Il est faux que, même dans le système des écoles, la matière soit divisible à l’infini. Nous considérons, il est vrai, la divisibilité à l’infini en géométrie ; mais cette science n’a d’objet que nos idées, et, en supposant des lignes sans largeur et des points sans étendue, nous supposons aussi une infinité de cercles passant entre une tangente et un cercle donné.

Mais quand nous venons à examiner la nature telle qu’elle est, alors la divisibilité à l’infini s’évanouit. La matière, il est vrai, reste à jamais divisible par la pensée, mais elle est nécessairement indivisée ; et cette même géométrie, qui me démontre que ma pensée divisera éternellement la matière, me démontre aussi qu’il y a dans la matière des parties indivisées parfaitement solides, et en voici la démonstration.

Puisque l’on doit supposer des pores à chaque ordre d’éléments dans lesquels on imagine la matière divisée à l’infini, ce qui restera de matière solide sera donc exprimé par le produit d’une suite infinie de termes plus petits chacun que l’autre ; or un tel produit est nécessairement égal à zéro : donc si la matière était physiquement divisible à l’infini, il n’y aurait point de matière. Cela fait voir en passant que M. de Malezieu, dans ses Éléments de géométrie pour M. le duc de Bourgogne, a bien tort de se récrier sur la prétendue incompatibilité qui se trouve entre des unités et des parties divisibles à l’infini ; il se trompe en cela doublement : il se trompe en ce qu’il ne considère pas qu’une unité est l’objet de notre pensée, et la divisibilité un autre objet de notre pensée, lesquels ne sont point incompatibles, car je puis faire une unité d’une centaine, et je puis faire une centaine d’une unité ; et il se trompe encore en ce qu’il ne considère pas la différence qui est entre la matière divisible par la pensée, et la matière divisible en effet.

Qu’est-ce que je prouve de tout ceci ?

Qu’il y a des parties de matières impérissables et indivisibles ; que Dieu tout-puissant, leur créateur, pourra, quand il voudra, joindre la pensée à une de ces parties, et la conserver à jamais. Je ne dis pas que ma raison m’apprend que Dieu en a usé ainsi ; je dis seulement qu’elle m’apprend qu’il le peut. Je dis avec le sage Locke que ce n’est pas à nous, qui ne sommes que d’hier, à oser mettre des bornes à la puissance du Créateur, de l’Être infini, du seul Être nécessaire et immuable.

M. Locke dit qu’il est impossible à la raison de prouver la spiritualité de l’âme : j’ajoute qu’il n’y a personne sur la terre qui ne soit convaincu de cette vérité.

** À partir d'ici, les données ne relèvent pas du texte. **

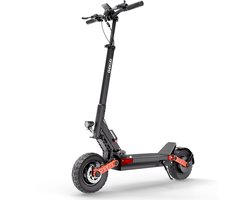 Qekud S10-S-Z Elektrische Scooter – 2x1000W Motor – 60V 18Ah Accu – 60km/h – 75km Bereik – 10" Banden – Dubbel Hydraulische Remmen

Il est indubitable que si un homme était bien persuadé qu’il sera plus libre et plus heureux en sortant de sa maison, il la quitterait tout à l’heure ; or on ne peut croire que l’âme est spirituelle sans la croire en prison dans le corps, où elle est d’ordinaire, sinon malheureuse, au moins inquiète et ennuyée : on doit donc être charmé de sortir de sa prison ; mais quel est l’homme charmé de mourir par ce motif ?

Quod si immortailis nostra foret mens,
Non jam se moriens dissolvi conquereretur ;
Sed magis ire foras, vestemque relinquere, ut anguis,
Gauderet, prælonga senet aut cornua cervus.

(Lucrèce, III, 611-614.)

Il faut tâcher de savoir, non ce que les hommes ont dit sur cette matière, mais ce que notre raison peut nous découvrir, indépendamment des opinions des hommes.



  1. Dans les éditions de Kehl, cette première section se composait d’une partie de la treizième des Lettres philosophiques (voyez les Mélanges, année 1734). (B.)